== Records to use

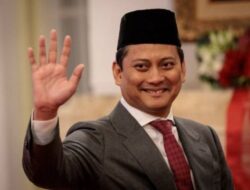 Uji Kelayakan Calon Deputi Gubernur BI Dimulai, Nama Thomas Djiwandono Jadi Sorotan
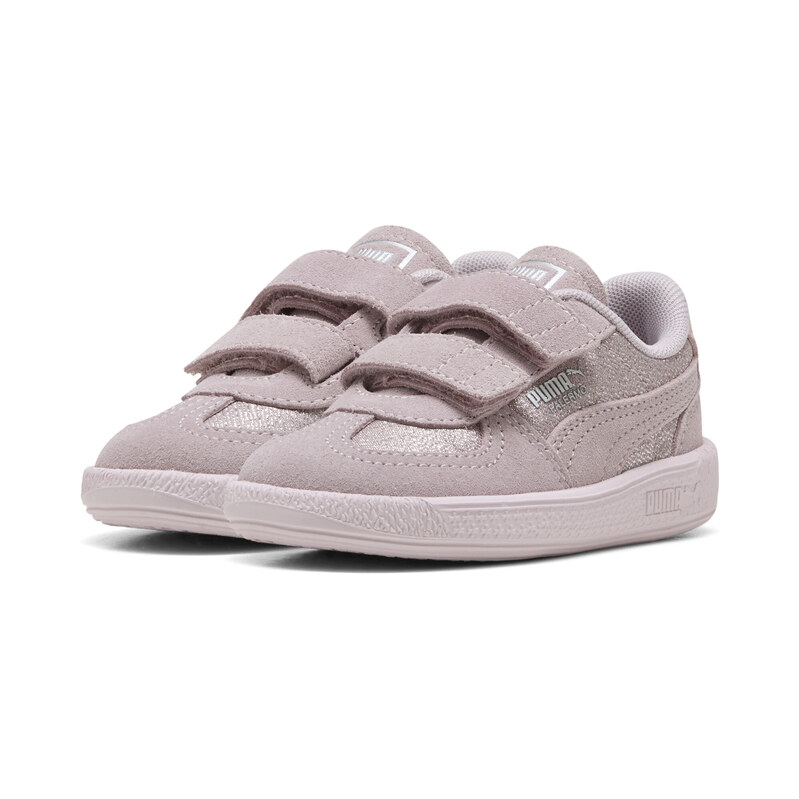 PUMA Palermo Let It Shine Sneakers Toddlers
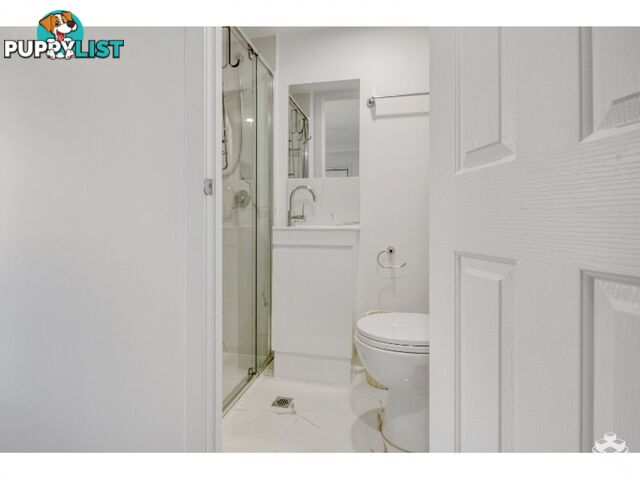 3 Booth Street Redbank QLD 4301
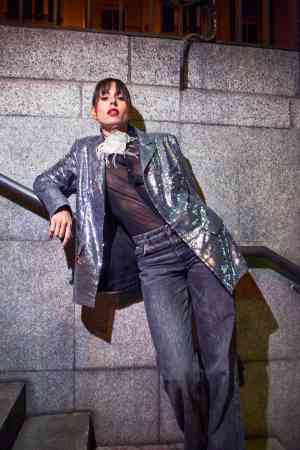 fotografo_madrid_Miguel_Maza_Estudio_4.jpg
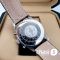 Часы Breitling Navitimer (21167)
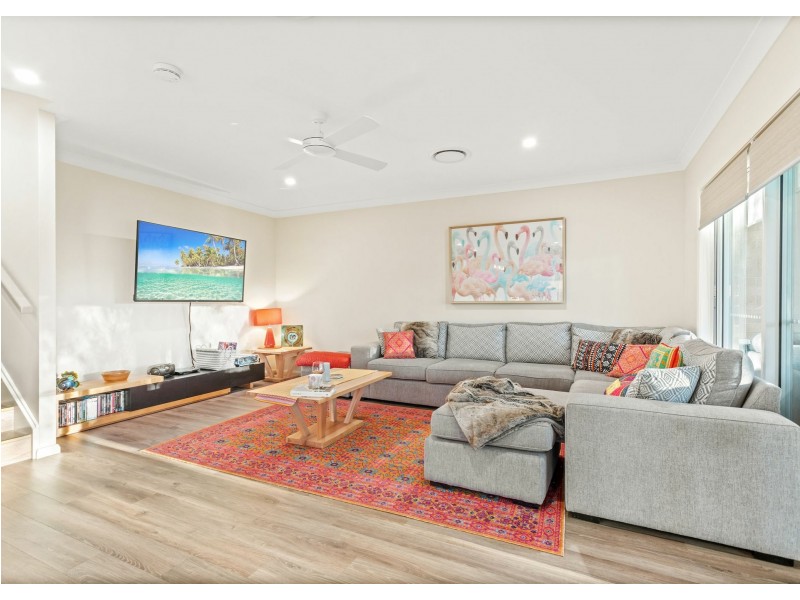 9 The Sand Trap, Tallwoods Village NSW 2430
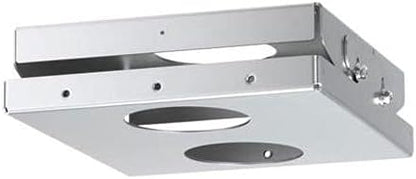 Panasonic Projector Mount Bracket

====

**Task to carry out:**
Leaving out the pictures, output each line above exactly as it is.

**Solution for this task:**
 Uji Kelayakan Calon Deputi Gubernur BI Dimulai, Nama Thomas Djiwandono Jadi Sorotan
 PUMA Palermo Let It Shine Sneakers Toddlers
 3 Booth Street Redbank QLD 4301
 fotografo_madrid_Miguel_Maza_Estudio_4.jpg
 Часы Breitling Navitimer (21167)
 9 The Sand Trap, Tallwoods Village NSW 2430
 Panasonic Projector Mount Bracket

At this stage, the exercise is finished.